The bigger the page, the more slowly this model is created.

Using SoupStrainer

One option to tune the performance a bit is to tell Beautiful Soup which part of the whole page you will need, and it will create the object model from the relevant part. To do this, you can use a SoupStrainer object.

A SoupStrainer tells Beautiful Soup what parts to extract, and the parse tree will consist only of these elements.
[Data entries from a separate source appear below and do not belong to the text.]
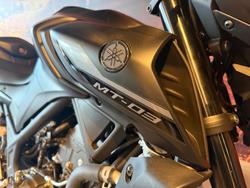 2025 Yamaha MT-03 ABS 321 (MT03LA) MT Black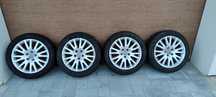 4 x opony wielosezonowe 215/50/R17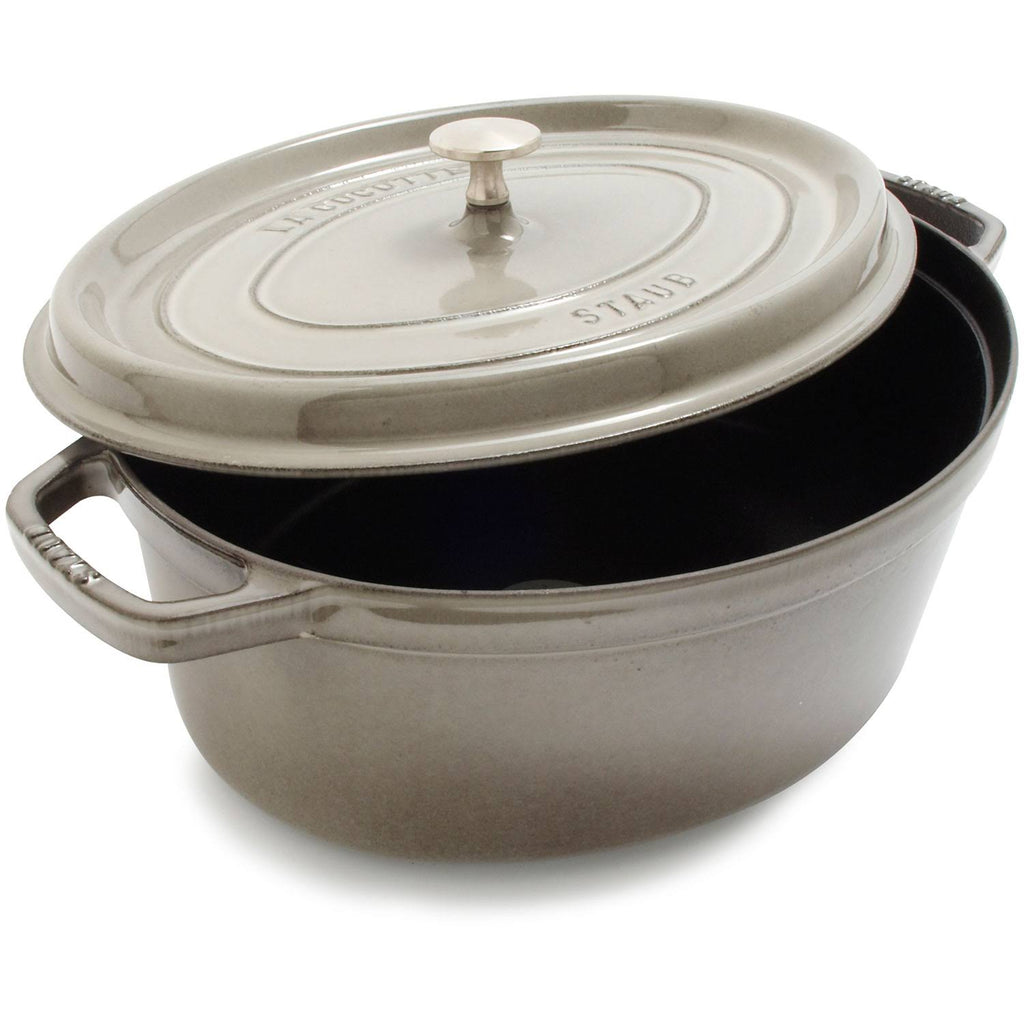 Cast Iron 7-qt Oval Cocotte E649244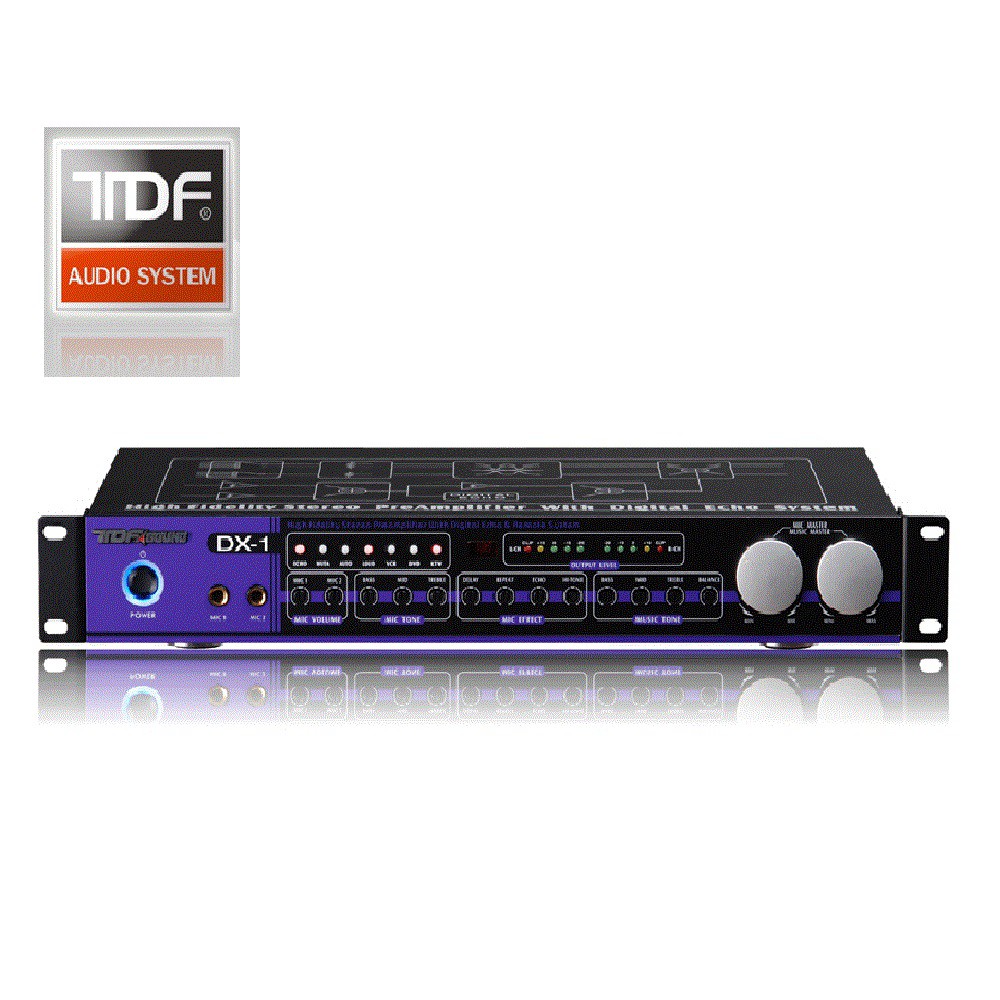 『谷芳樂』TDF DX-1 前級迴音效果器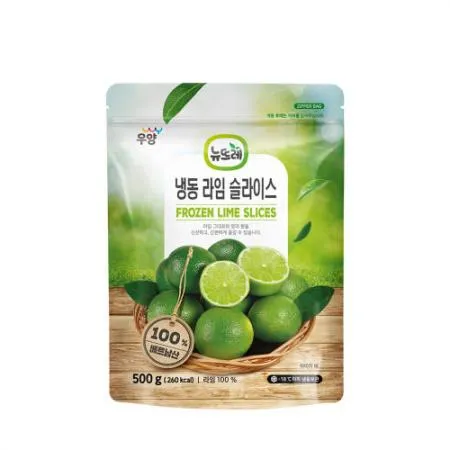 뉴뜨레 냉동 라임 슬라이스 500g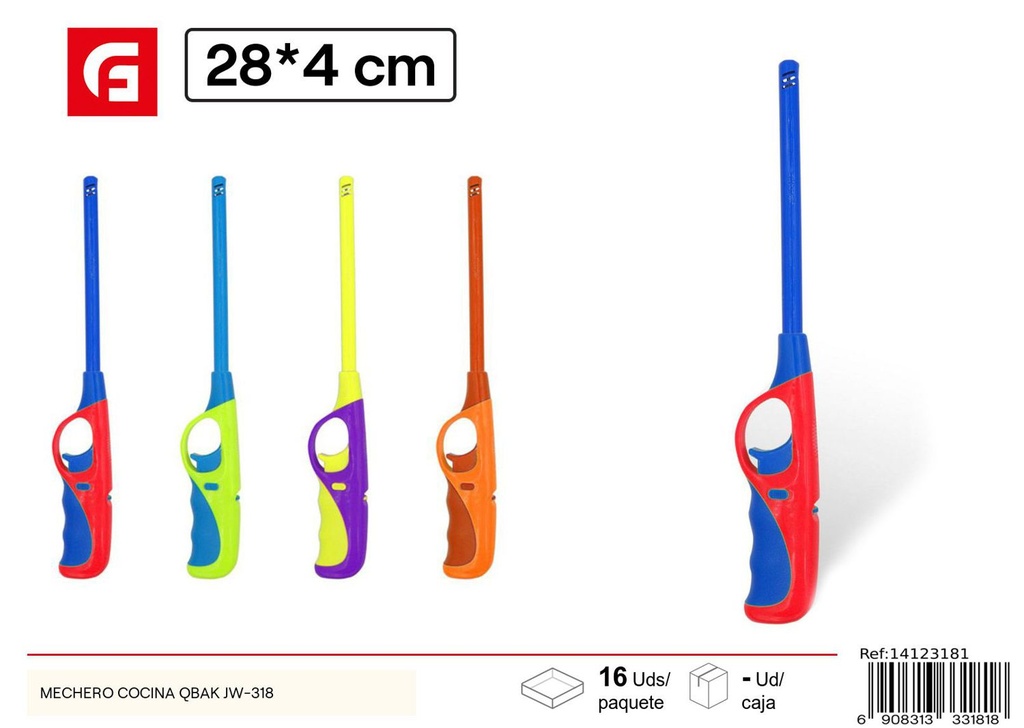 Cocina QBAK KK8001 - Utensilios de cocina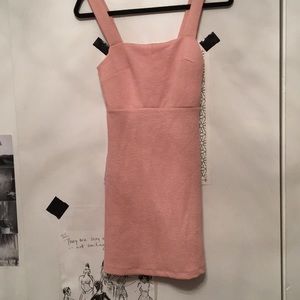 Light pink urban outfitters dress
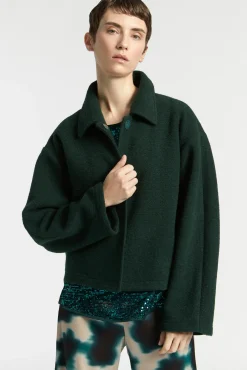 Xandres Veste courte avec col-Femme Manteaux & Vestes|Blazers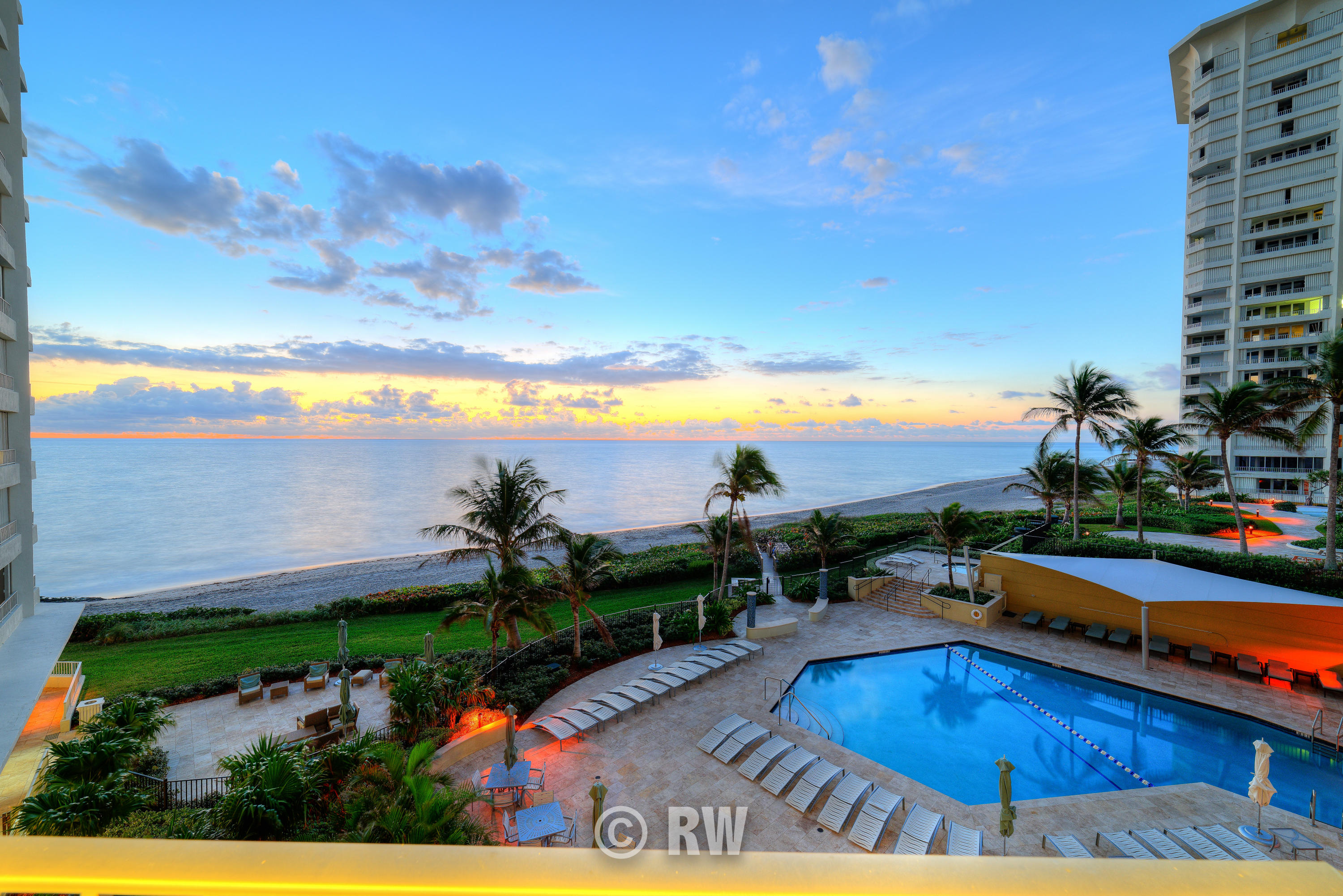 550 South Ocean Boulevard, Unit 1201 Boca Raton, FL 33432 - Photo 30 of 37 POOL AREA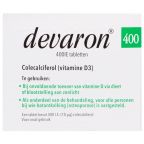 Devaron Tablet 400IE (10 µg)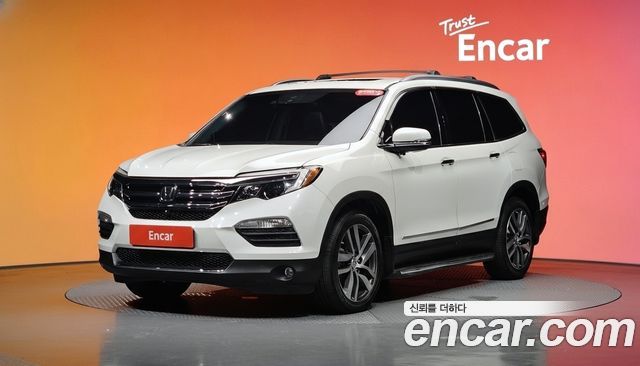 Honda Pilot 3.5 — пробег 54 584 км — фото 1 из 5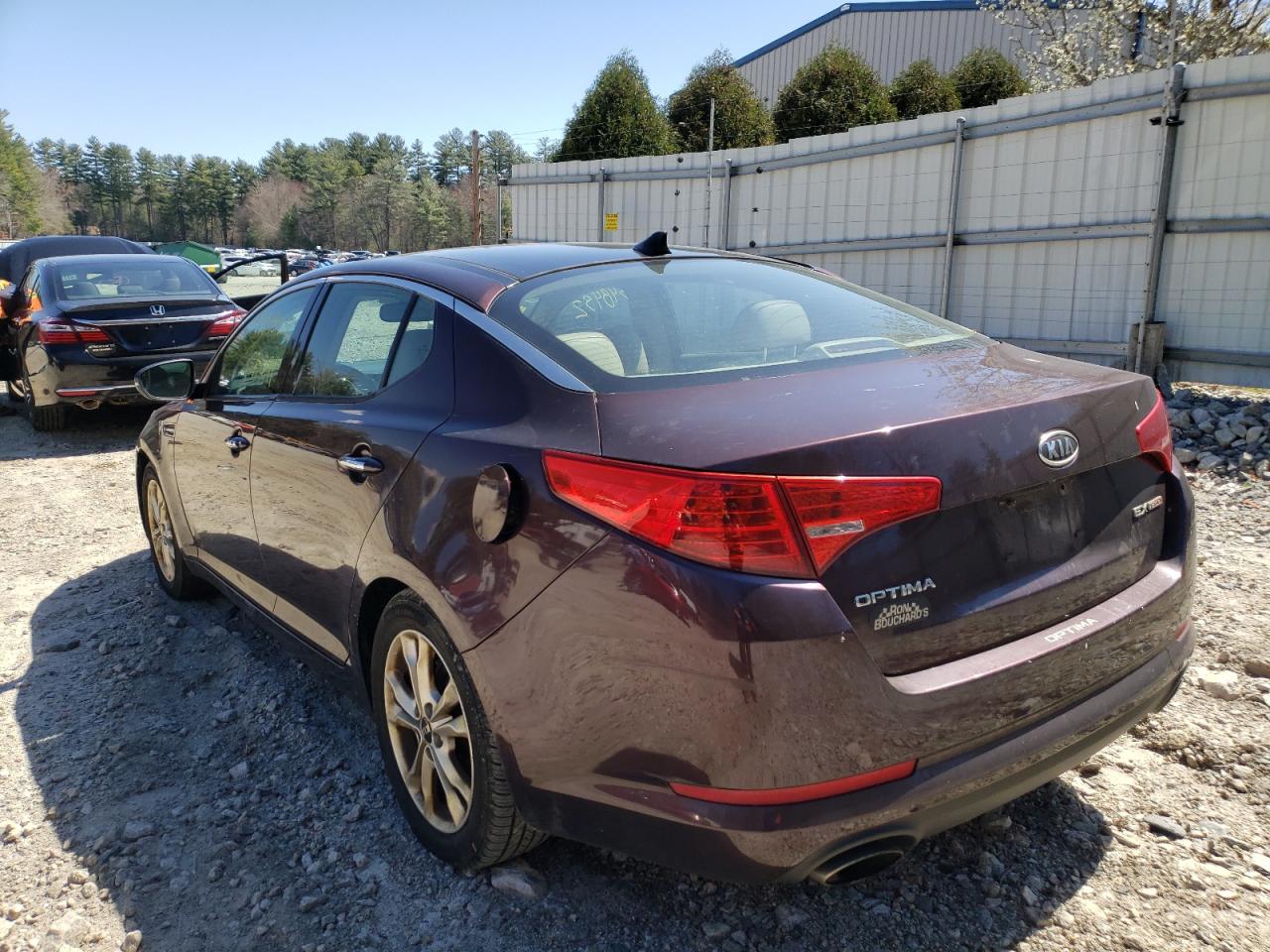 Photo 3 from auction – 2011 KIA OPTIMA EX with VIN KNAGN4A62B5165867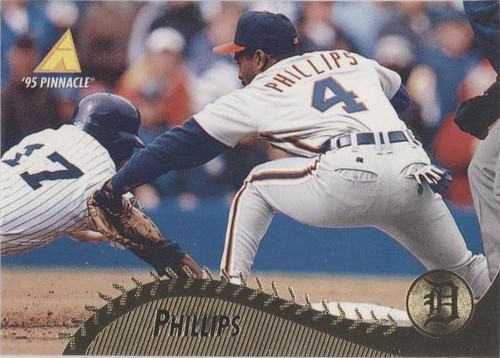 1995 Pinnacle - Tony Phillips #209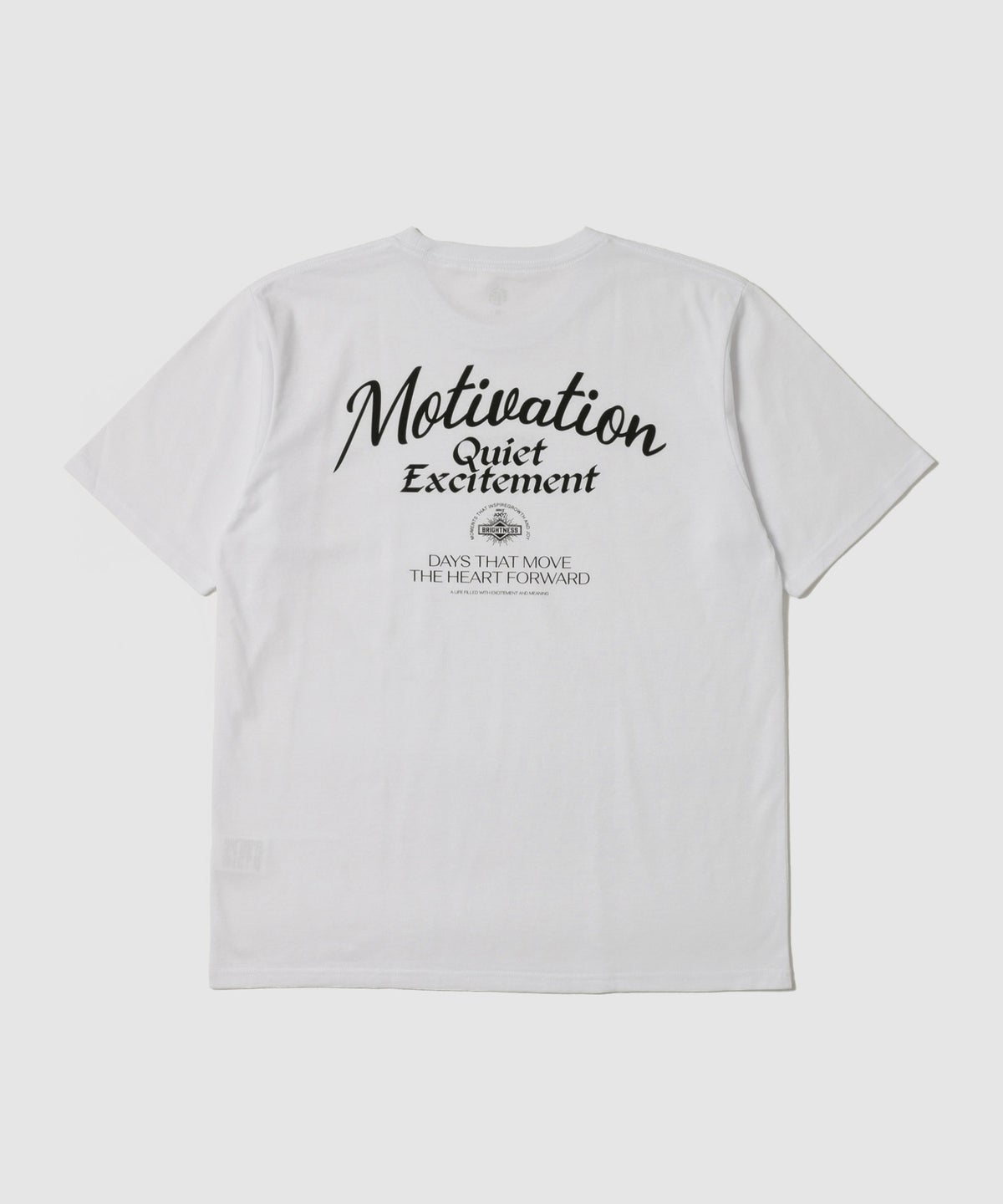 T-GRAPHICS TC天竺 ストリート バックロゴ 半袖Tシャツ メンズ メール便 対応商品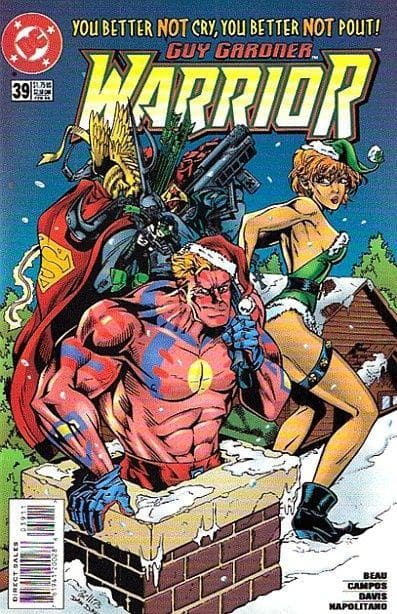 Seriously, You Better Not Pout on Random Awesome Christmas Superhero Comics You Never Knew Existed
This speeds up the process a bit, if you can narrow down the required information to a smaller portion of the HTML.

strainer = SoupStrainer(name='ul', attrs={'class':'productLister gridView'})
soup = BeautifulSoup(content, 'html.parser', parse_only=strainer)

The preceding code creates a simple SoupStrainer that limits the parse tree to unordered list having a class attribute 'productLister gridView' - which helps to reduce the site to the required parts - and it uses this strainer to create the soup.

Because you already have a working scraper, you can replace the soup calls using a strainer to speed up things.

Multiple Attributes in Strainer

The following piece of information is hard to find on the Internet: you can use multiple attributes in the strainer to parse the website. For example, if you extract the links to product pages, you have three options based on the level of the current department link:

The link leads to product pages
The link leads to a first-level sublist
The link leads from a first-level sublist to a second-level sublist

In this case, you have three different classes but want to create the soup if any of them is present. You can do something like this:

BeautifulSoup(content, 'html.parser', name='ul', attrs={'class':['productLister gridView', 'categories shelf']})

Here, you have listed all three versions of the list that can happen, and the soup contains all the relevant information.